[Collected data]

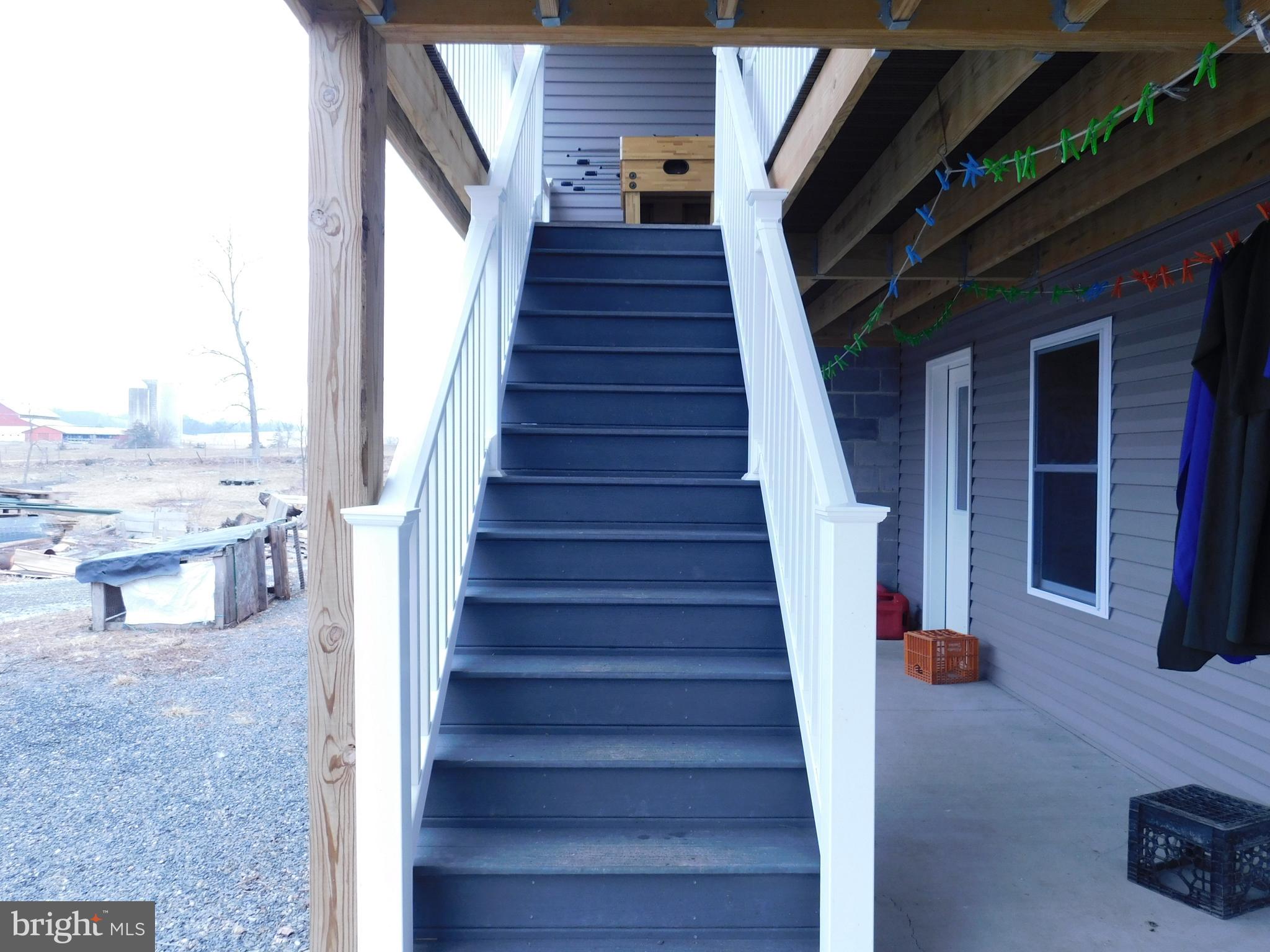 171 Gaul Road Port Royal, PA 17082 - Photo 28 of 46 a view of staircase with lots of frames on wall and windows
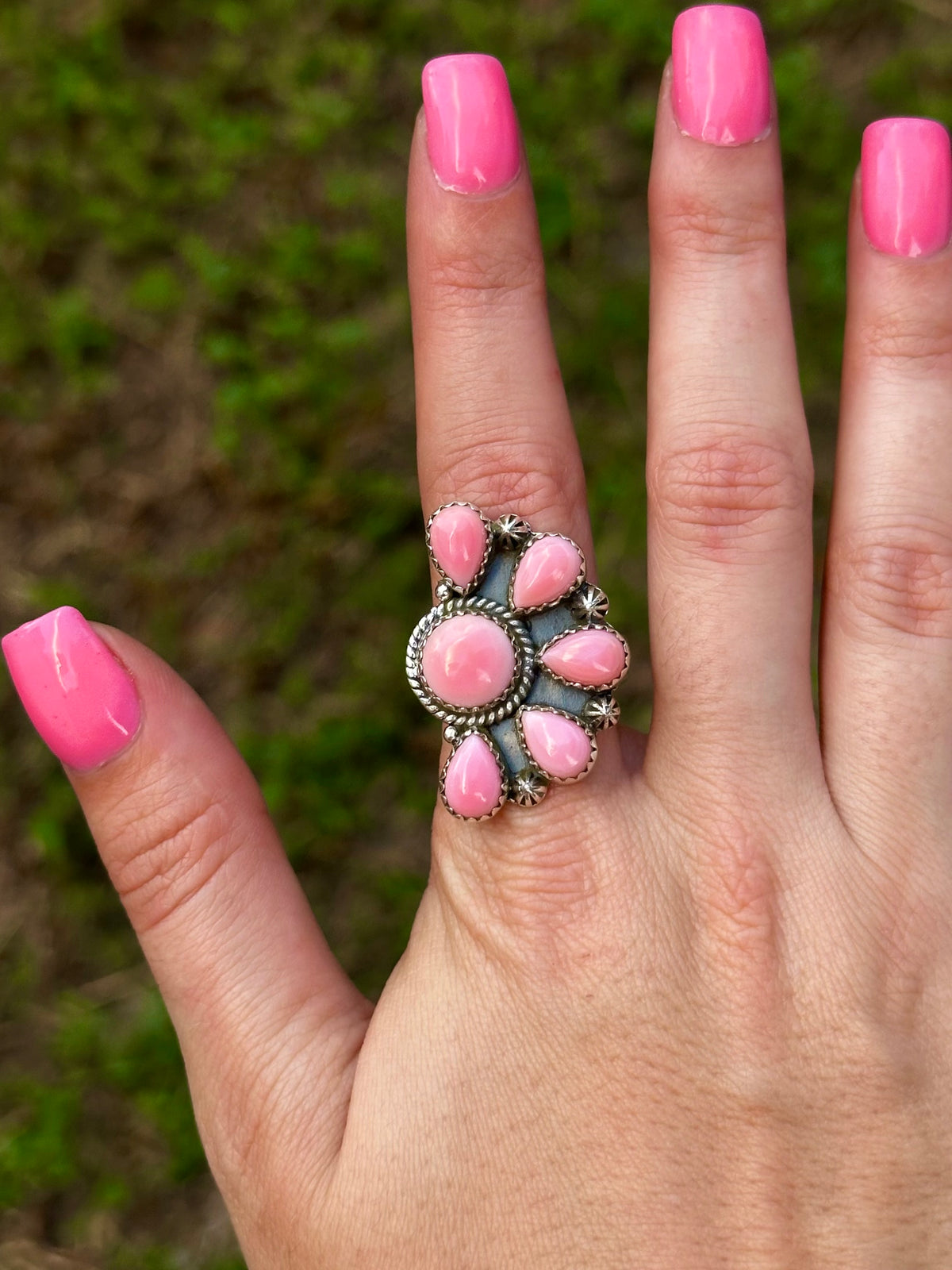 Adjustable pink conch half cluster ring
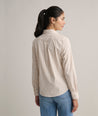 Model is wearing UNTUCKit Bella shirt in tan. 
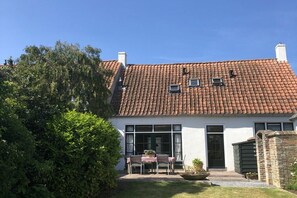 A house with a tiled roof, a front door, and a small garden with a table and chairs. - Holiday home de Broodkiste (Domburg)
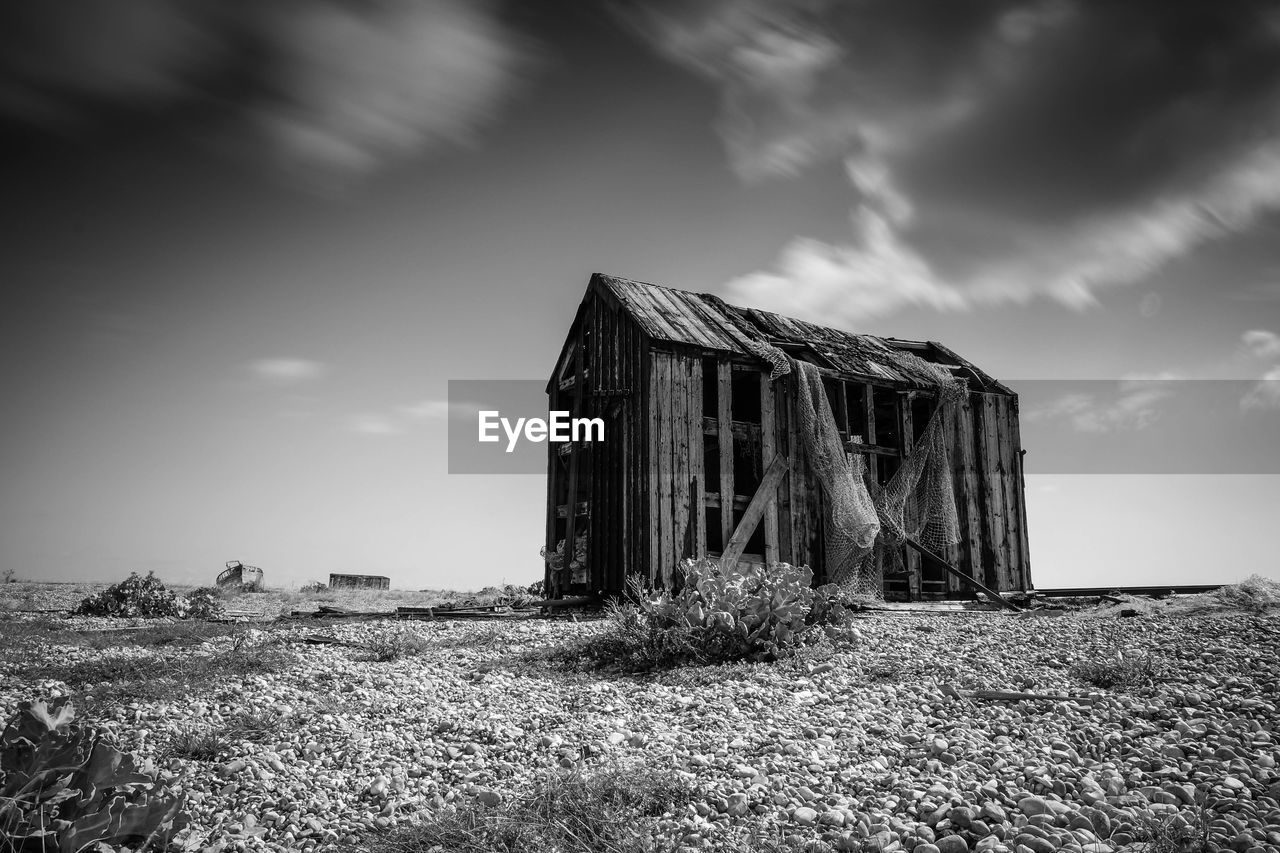 Abandoned building against cloudy sky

> WHAT TO PRODUCE: Please output all of the entries above exactly, but without any picture.

> SOLUTION FOR THIS PROBLEM:
 171 Gaul Road Port Royal, PA 17082 - Photo 28 of 46 a view of staircase with lots of frames on wall and windows
 Adjustable pink conch half cluster ring
 Model is wearing UNTUCKit Bella shirt in tan. 
 A house with a tiled roof, a front door, and a small garden with a table and chairs. - Holiday home de Broodkiste (Domburg)
 Abandoned building against cloudy sky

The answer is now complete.